Existe otro problema de fondo: la gestión de estos espacios corresponde, casi siempre, a la iniciativa privada, aunque se trate de suelo público. Y los poderes públicos deben garantizar unos derechos (no entraremos aquí en si los garantizan o no; eso nos daría para un blog político inagotable) mientras que los promotores privados se rigen por un único fin: el beneficio.
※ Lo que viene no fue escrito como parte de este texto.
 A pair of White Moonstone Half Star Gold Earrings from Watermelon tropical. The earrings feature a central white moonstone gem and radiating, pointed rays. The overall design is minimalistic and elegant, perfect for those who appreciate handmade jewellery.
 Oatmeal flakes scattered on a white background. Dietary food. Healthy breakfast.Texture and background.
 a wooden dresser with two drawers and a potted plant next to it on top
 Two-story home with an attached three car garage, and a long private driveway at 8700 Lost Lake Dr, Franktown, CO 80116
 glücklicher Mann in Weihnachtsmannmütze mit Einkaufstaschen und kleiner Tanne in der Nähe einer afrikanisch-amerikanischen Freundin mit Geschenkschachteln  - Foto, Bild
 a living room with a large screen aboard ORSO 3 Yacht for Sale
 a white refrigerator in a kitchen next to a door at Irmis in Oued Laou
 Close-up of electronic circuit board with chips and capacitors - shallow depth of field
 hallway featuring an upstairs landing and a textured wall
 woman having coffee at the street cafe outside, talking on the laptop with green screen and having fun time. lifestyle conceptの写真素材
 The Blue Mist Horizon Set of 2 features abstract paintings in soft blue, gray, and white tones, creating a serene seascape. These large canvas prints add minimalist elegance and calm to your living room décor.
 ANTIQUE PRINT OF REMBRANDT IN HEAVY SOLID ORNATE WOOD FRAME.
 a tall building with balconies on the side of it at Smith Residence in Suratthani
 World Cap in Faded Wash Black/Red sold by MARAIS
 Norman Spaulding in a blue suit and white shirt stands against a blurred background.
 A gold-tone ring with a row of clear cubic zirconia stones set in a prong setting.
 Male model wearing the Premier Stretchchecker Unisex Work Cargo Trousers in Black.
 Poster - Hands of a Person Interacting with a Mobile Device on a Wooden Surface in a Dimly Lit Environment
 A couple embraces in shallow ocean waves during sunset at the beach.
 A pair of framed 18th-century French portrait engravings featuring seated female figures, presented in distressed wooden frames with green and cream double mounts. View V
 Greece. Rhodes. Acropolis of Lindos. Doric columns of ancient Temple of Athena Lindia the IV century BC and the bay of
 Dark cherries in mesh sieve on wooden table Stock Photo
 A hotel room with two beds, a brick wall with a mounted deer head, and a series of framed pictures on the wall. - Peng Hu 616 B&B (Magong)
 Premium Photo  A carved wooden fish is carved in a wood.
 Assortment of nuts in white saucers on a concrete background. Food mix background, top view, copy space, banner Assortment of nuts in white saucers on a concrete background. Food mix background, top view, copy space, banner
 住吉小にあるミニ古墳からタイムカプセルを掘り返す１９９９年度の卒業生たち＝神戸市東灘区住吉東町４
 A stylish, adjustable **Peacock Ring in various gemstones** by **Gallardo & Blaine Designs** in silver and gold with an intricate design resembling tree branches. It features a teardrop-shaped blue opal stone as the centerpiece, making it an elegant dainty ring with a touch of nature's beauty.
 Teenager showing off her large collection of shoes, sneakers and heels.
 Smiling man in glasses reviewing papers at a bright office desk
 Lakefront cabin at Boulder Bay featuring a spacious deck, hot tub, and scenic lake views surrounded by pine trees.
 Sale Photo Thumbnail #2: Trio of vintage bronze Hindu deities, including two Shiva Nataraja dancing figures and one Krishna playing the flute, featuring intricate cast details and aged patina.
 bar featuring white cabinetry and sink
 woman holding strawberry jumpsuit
A continuación, y como muestra de toda su exposición, Muñoz retrata cuatro ciudades que representan otros tantos aspectos de la urbanalización:
- Londres es la ciudad intercambiada: prima los requerimientos de la economía global y entrega zonas completas de su territorio a los flujos de capital;
- Berlín es la ciudad logo, un logo creado con el que vender la ciudad en los mercados globales que acaba impostando su propio carácter a la ciudad;
- Buenos Aires es la ciudad cuarteada;
- y Barcelona, la ciudad marca.
Los dos últimos capítulos del libro se centran en tratar de responder a sendas preguntas. La primera: ¿existen elementos comunes en toda forma de urbanalización de la ciudad? Aquí Muñoz recurre a Baudrillard:
Jean Baudrillard propondrá en obras como Cultura y simulacro un salto cualitativo en esta argumentación cuando explique la sustitución del original por el modelo. La copia siempre se había referido a la representación del objeto original, de forma que se podía hablar con propiedad de una buena o una mala copia. En cambio, el modelo no representa sino que sustituye al objeto original para, gracias a las posibilidades técnicas de reproducción, dar lugar a un conjunto infinito de copias.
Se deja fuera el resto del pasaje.